* WHAT THE TASK ASKS:
For each entry, output its words exactly and leave any picture behind.

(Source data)
------------------------------------
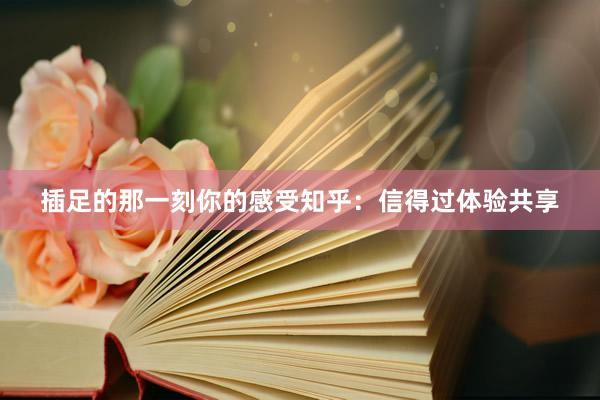 插足的那一刻你的感受知乎：信得过体验共享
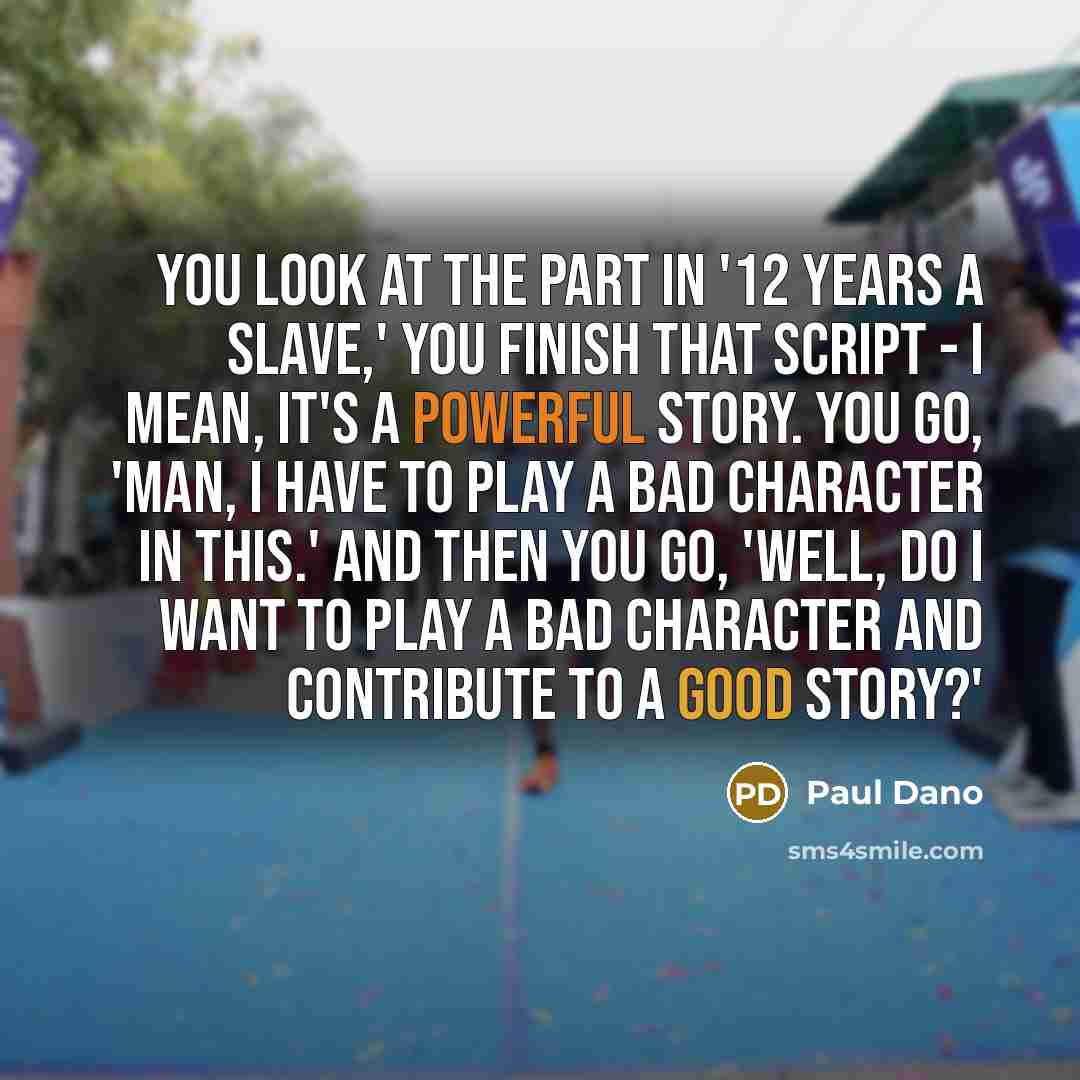 “You look at the part in '12 Years A Slave,'…” quote by Paul Dano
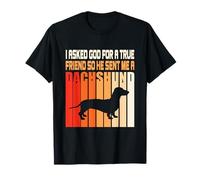 I Asked God for A True Friend So He Sent Me A Teckel T-Shirt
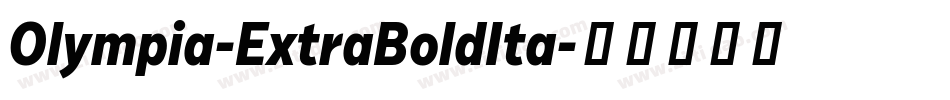 Olympia-ExtraBoldIta字体转换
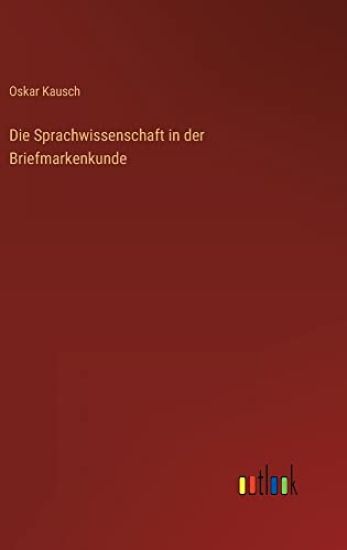 Die Sprachwissenschaft in der Briefmarkenkunde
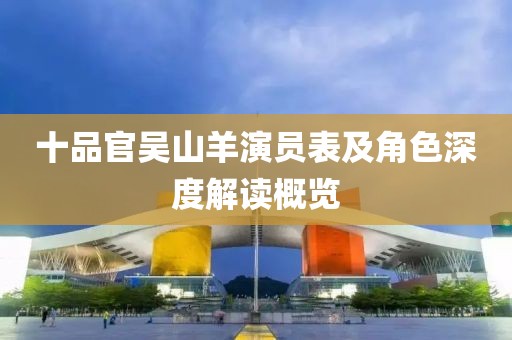 十品官吴山羊演员表及角色深度解读概览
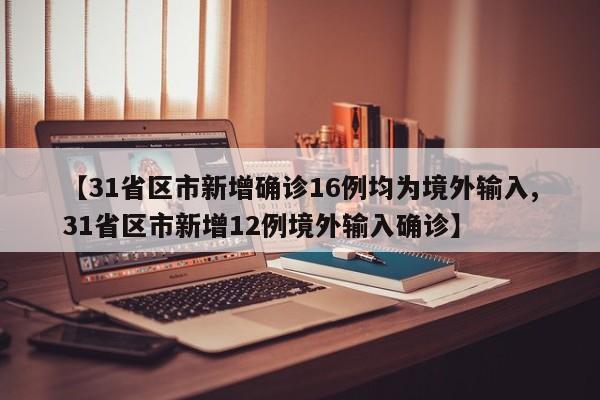 【31省区市新增确诊16例均为境外输入,31省区市新增12例境外输入确诊】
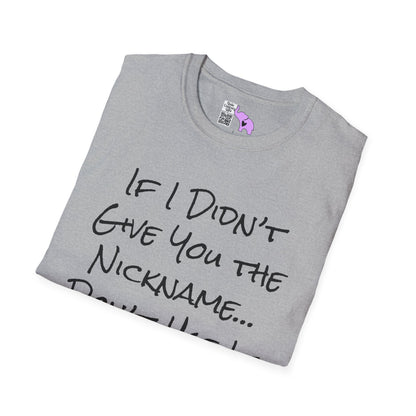 If I Didn't Give You The Nickname... Don't Use It Adult T-shirt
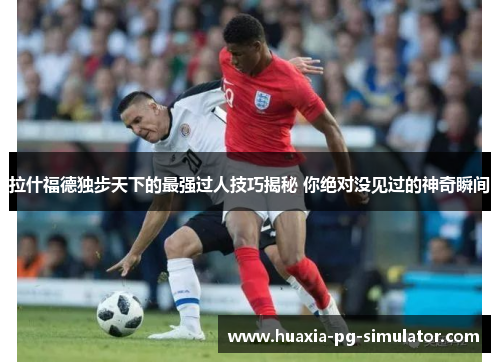 拉什福德独步天下的最强过人技巧揭秘 你绝对没见过的神奇瞬间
------------------------------------
* RESULT:
 插足的那一刻你的感受知乎：信得过体验共享
 “You look at the part in '12 Years A Slave,'…” quote by Paul Dano
 I Asked God for A True Friend So He Sent Me A Teckel T-Shirt
 Olympia-ExtraBoldIta字体转换
 Die Sprachwissenschaft in der Briefmarkenkunde
 十品官吴山羊演员表及角色深度解读概览
 【31省区市新增确诊16例均为境外输入,31省区市新增12例境外输入确诊】
 If I Didn't Give You The Nickname... Don't Use It Adult T-shirt
 拉什福德独步天下的最强过人技巧揭秘 你绝对没见过的神奇瞬间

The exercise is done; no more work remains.